User:Zatricky/DeltaMirrorFromNonDelta

From ArchWiki

Overview

Make a mirror available with deltas where the source repository is *not* available with deltas:

After basic testing, will create ba/sh-form script


Also see:

https://wiki.archlinux.org/index.php/Deltup
https://github.com/sabooky/archdelta
https://bbs.archlinux.org/viewtopic.php?id=92085

Summary of procedure

On first sync:

  • 1. configure a separate mirror path for the delta *version* of the mirror
  • 2. use the standard rsync method to an “offline” path
  • 3. configure hard links from the delta mirror to the same locations in the main mirror only for package files
  • 4. use repo-add to add all .pkg files to new $repo.db files (how does the signing work? Does it create a new .sig for the package or does it only sign the .db?), security of signing previously unsigned packages or automatically rejecting invalid packages/signatures

Subsequent syncs:

  • 5. (As with 2 above). Complete normal sync to the offline path.
  • 6. (As with 3 above). Sync hard links from the delta mirror to the same locations in the main mirror only for package files
  • 7. use repo-add to add only the new files. Use -d switch to automatically create deltas (as above, signed??)
  • 8. remove old .pkg files
  • 9. remove old deltas? Find an easy/KISS way to determine when old deltas are using up too much disk that pacman won’t bother using them. Can repo-* do this part automatically? If it does, would repo-add *only* remove the db entry or would it also delete the .delta file?
  • 10. update lastsync

Questions still unanswered:

By creating lots of .delta files in /$repo/os/$arch/ might there be duplicates for multilib packages wasting mirror diskspace? Should we follow the symlinks in /$repo/os/$arch/ to /pool/packages/ and mv && ln -s as is done with the .pkg files?
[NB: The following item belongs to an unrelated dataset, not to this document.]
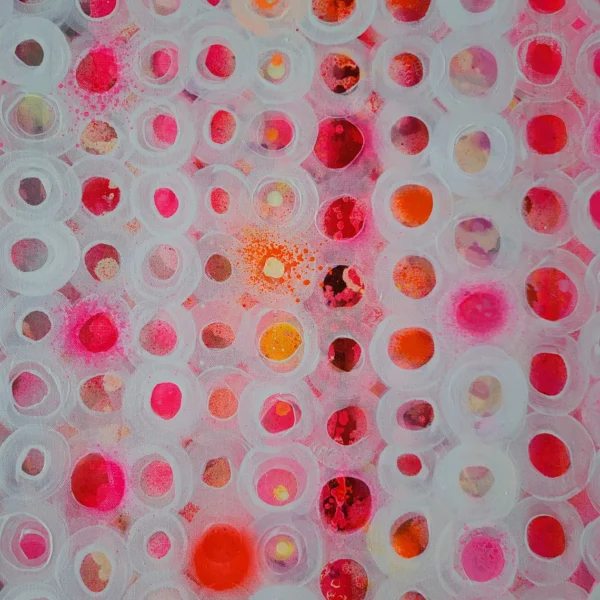 Fluo Pink Abstract Painting: Neon Yellow Orange Canvas Art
What is repo-elephant?? lol.

Detail

1. configure a separate mirror path for the delta version of the mirror without the dbs:

mkdir -p /srv/ftp/pub/archlinux-delta

2. use standard rsync method with delete:

rsync -rtlvH --delete-after --delay-updates --safe-links --max-delete=1000 rsync://source-server/archlinux/ /srv/ftp/.hidden/archlinux/

3a. get lists of all new package files for each repo/os/arch:

comm -23 <(cd /srv/ftp/.hidden/archlinux/ ; find) <(cd /srv/ftp/pub/archlinux-delta; find) | grep \.pkg > $newlist
comm -13 <(cd /srv/ftp/.hidden/archlinux/ ; find) <(cd /srv/ftp/pub/archlinux-delta; find) | grep \.pkg > $oldlist

3b. sync package files across via hard links only:

rsync -aplx --link-dest=/srv/ftp/.hidden/archlinux/ --exclude lastsync --exclude '*.db' --exclude '*.db.tar.gz' --exclude '*.abs.tar.gz' --exclude '*.files' --exclude '*.files.tar.gz' /srv/ftp/.hidden/archlinux/ /srv/ftp/pub/archlinux-delta/

4. Create new $repo.db as appropriate:

cd /srv/ftp/pub/archlinux-delta/$repo/os/$arch/ ; repo-add -s -k <key> $repo.db *.pkg{,.tar{,.{bz2,gz,xz,Z}}}

5. As with 2 above

6. As with 3 above

7. For each .pkg applicable in newlist, run repo-add with with “-d” to automatically create a delta:

cd /srv/ftp/pub/archlinux-delta/$repo/os/$arch/ ; repo-add -s -k <key> -d $repo.db <package.pkg.ext>

Cannot use the original $repo.db every time as the original $repo.db will not contain any delta data

8a. remove all old package files:

for i in `grep pool\/packages oldlist` ; do rm -f $i ; done

AND/OR??

for i in `ls -l /srv/ftp/pub/archlinux-delta/pool/packages/ | awk '{print $2 " " $8}' | grep ^1\ | awk '{print $2}'` ; do rm -f $i ; done

Both methods have edge cases where files might be “missed” however both edge cases are covered by their alternative method.

8b. remove all broken symlinks:

find -L /srv/ftp/pub/archlinux-delta -type l -delete

9. remove old irrelevant deltas:

find /srv/ftp/pub/archlinux-delta -ctime +90 -name \*.delta -exec repo-remove {} \;

10. Update lastsync

rsync /srv/ftp/.hidden/archlinux/lastsync /srv/ftp/pub/archlinux-delta/